**TASK DETAILS**
Nothing in the entries may be altered; copy them all exactly.

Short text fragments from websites

- Opening Delimiter -

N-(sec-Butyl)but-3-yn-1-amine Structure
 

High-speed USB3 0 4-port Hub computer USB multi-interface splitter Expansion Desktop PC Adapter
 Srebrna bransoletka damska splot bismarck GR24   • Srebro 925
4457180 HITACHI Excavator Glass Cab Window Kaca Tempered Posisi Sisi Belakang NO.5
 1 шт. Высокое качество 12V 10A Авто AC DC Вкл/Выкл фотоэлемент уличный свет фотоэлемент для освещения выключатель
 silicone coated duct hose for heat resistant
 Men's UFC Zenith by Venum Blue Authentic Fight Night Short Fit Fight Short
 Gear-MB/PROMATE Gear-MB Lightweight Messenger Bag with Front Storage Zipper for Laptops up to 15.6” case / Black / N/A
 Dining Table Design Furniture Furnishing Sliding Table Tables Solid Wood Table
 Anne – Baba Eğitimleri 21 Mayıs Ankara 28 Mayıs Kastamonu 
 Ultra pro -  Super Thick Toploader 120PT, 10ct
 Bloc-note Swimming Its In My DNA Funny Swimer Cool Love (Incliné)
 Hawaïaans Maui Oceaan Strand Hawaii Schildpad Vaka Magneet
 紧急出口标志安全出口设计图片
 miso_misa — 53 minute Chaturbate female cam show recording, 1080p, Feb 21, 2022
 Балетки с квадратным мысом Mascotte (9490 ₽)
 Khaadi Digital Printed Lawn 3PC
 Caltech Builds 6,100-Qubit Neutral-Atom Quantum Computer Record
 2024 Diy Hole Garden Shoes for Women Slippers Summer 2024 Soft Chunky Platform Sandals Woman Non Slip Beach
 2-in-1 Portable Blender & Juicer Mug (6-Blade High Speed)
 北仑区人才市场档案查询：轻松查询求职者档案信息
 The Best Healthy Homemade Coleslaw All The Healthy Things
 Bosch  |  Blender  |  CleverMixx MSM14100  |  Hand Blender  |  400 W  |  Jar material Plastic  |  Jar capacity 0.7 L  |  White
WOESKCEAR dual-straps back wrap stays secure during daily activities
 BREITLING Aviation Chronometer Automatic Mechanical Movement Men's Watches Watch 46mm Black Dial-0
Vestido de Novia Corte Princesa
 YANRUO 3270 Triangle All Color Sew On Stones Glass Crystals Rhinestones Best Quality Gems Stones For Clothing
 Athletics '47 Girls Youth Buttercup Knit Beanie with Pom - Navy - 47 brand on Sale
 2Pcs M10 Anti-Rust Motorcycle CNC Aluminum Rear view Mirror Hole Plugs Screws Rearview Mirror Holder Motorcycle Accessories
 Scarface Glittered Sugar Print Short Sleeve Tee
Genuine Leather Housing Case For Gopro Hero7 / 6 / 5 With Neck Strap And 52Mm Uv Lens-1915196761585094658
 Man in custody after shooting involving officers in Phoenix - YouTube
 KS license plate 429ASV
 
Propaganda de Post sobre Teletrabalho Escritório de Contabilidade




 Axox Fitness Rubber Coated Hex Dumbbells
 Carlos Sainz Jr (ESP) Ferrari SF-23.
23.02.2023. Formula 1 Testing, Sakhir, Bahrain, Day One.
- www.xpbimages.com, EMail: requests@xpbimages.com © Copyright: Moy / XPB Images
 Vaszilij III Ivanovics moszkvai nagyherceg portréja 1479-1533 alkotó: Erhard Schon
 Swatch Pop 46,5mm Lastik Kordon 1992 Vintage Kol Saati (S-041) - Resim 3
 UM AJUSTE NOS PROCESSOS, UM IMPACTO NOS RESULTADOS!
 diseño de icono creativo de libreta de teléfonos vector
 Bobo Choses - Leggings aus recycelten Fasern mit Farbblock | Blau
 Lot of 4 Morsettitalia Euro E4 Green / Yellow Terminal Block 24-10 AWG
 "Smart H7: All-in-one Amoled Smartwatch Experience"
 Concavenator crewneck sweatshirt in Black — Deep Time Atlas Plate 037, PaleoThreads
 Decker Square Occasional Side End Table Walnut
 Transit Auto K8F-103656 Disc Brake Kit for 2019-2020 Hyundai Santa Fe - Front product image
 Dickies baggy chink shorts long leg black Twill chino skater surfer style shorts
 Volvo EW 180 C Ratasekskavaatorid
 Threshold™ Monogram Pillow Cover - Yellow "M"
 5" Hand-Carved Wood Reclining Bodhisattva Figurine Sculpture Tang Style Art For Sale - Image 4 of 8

- Closing Delimiter -

**RESULT OF THE TASK**
N-(sec-Butyl)but-3-yn-1-amine Structure
 

High-speed USB3 0 4-port Hub computer USB multi-interface splitter Expansion Desktop PC Adapter
 Srebrna bransoletka damska splot bismarck GR24   • Srebro 925
4457180 HITACHI Excavator Glass Cab Window Kaca Tempered Posisi Sisi Belakang NO.5
 1 шт. Высокое качество 12V 10A Авто AC DC Вкл/Выкл фотоэлемент уличный свет фотоэлемент для освещения выключатель
 silicone coated duct hose for heat resistant
 Men's UFC Zenith by Venum Blue Authentic Fight Night Short Fit Fight Short
 Gear-MB/PROMATE Gear-MB Lightweight Messenger Bag with Front Storage Zipper for Laptops up to 15.6” case / Black / N/A
 Dining Table Design Furniture Furnishing Sliding Table Tables Solid Wood Table
 Anne – Baba Eğitimleri 21 Mayıs Ankara 28 Mayıs Kastamonu 
 Ultra pro -  Super Thick Toploader 120PT, 10ct
 Bloc-note Swimming Its In My DNA Funny Swimer Cool Love (Incliné)
 Hawaïaans Maui Oceaan Strand Hawaii Schildpad Vaka Magneet
 紧急出口标志安全出口设计图片
 miso_misa — 53 minute Chaturbate female cam show recording, 1080p, Feb 21, 2022
 Балетки с квадратным мысом Mascotte (9490 ₽)
 Khaadi Digital Printed Lawn 3PC
 Caltech Builds 6,100-Qubit Neutral-Atom Quantum Computer Record
 2024 Diy Hole Garden Shoes for Women Slippers Summer 2024 Soft Chunky Platform Sandals Woman Non Slip Beach
 2-in-1 Portable Blender & Juicer Mug (6-Blade High Speed)
 北仑区人才市场档案查询：轻松查询求职者档案信息
 The Best Healthy Homemade Coleslaw All The Healthy Things
 Bosch  |  Blender  |  CleverMixx MSM14100  |  Hand Blender  |  400 W  |  Jar material Plastic  |  Jar capacity 0.7 L  |  White
WOESKCEAR dual-straps back wrap stays secure during daily activities
 BREITLING Aviation Chronometer Automatic Mechanical Movement Men's Watches Watch 46mm Black Dial-0
Vestido de Novia Corte Princesa
 YANRUO 3270 Triangle All Color Sew On Stones Glass Crystals Rhinestones Best Quality Gems Stones For Clothing
 Athletics '47 Girls Youth Buttercup Knit Beanie with Pom - Navy - 47 brand on Sale
 2Pcs M10 Anti-Rust Motorcycle CNC Aluminum Rear view Mirror Hole Plugs Screws Rearview Mirror Holder Motorcycle Accessories
 Scarface Glittered Sugar Print Short Sleeve Tee
Genuine Leather Housing Case For Gopro Hero7 / 6 / 5 With Neck Strap And 52Mm Uv Lens-1915196761585094658
 Man in custody after shooting involving officers in Phoenix - YouTube
 KS license plate 429ASV
 
Propaganda de Post sobre Teletrabalho Escritório de Contabilidade




 Axox Fitness Rubber Coated Hex Dumbbells
 Carlos Sainz Jr (ESP) Ferrari SF-23.
23.02.2023. Formula 1 Testing, Sakhir, Bahrain, Day One.
- www.xpbimages.com, EMail: requests@xpbimages.com © Copyright: Moy / XPB Images
 Vaszilij III Ivanovics moszkvai nagyherceg portréja 1479-1533 alkotó: Erhard Schon
 Swatch Pop 46,5mm Lastik Kordon 1992 Vintage Kol Saati (S-041) - Resim 3
 UM AJUSTE NOS PROCESSOS, UM IMPACTO NOS RESULTADOS!
 diseño de icono creativo de libreta de teléfonos vector
 Bobo Choses - Leggings aus recycelten Fasern mit Farbblock | Blau
 Lot of 4 Morsettitalia Euro E4 Green / Yellow Terminal Block 24-10 AWG
 "Smart H7: All-in-one Amoled Smartwatch Experience"
 Concavenator crewneck sweatshirt in Black — Deep Time Atlas Plate 037, PaleoThreads
 Decker Square Occasional Side End Table Walnut
 Transit Auto K8F-103656 Disc Brake Kit for 2019-2020 Hyundai Santa Fe - Front product image
 Dickies baggy chink shorts long leg black Twill chino skater surfer style shorts
 Volvo EW 180 C Ratasekskavaatorid
 Threshold™ Monogram Pillow Cover - Yellow "M"
 5" Hand-Carved Wood Reclining Bodhisattva Figurine Sculpture Tang Style Art For Sale - Image 4 of 8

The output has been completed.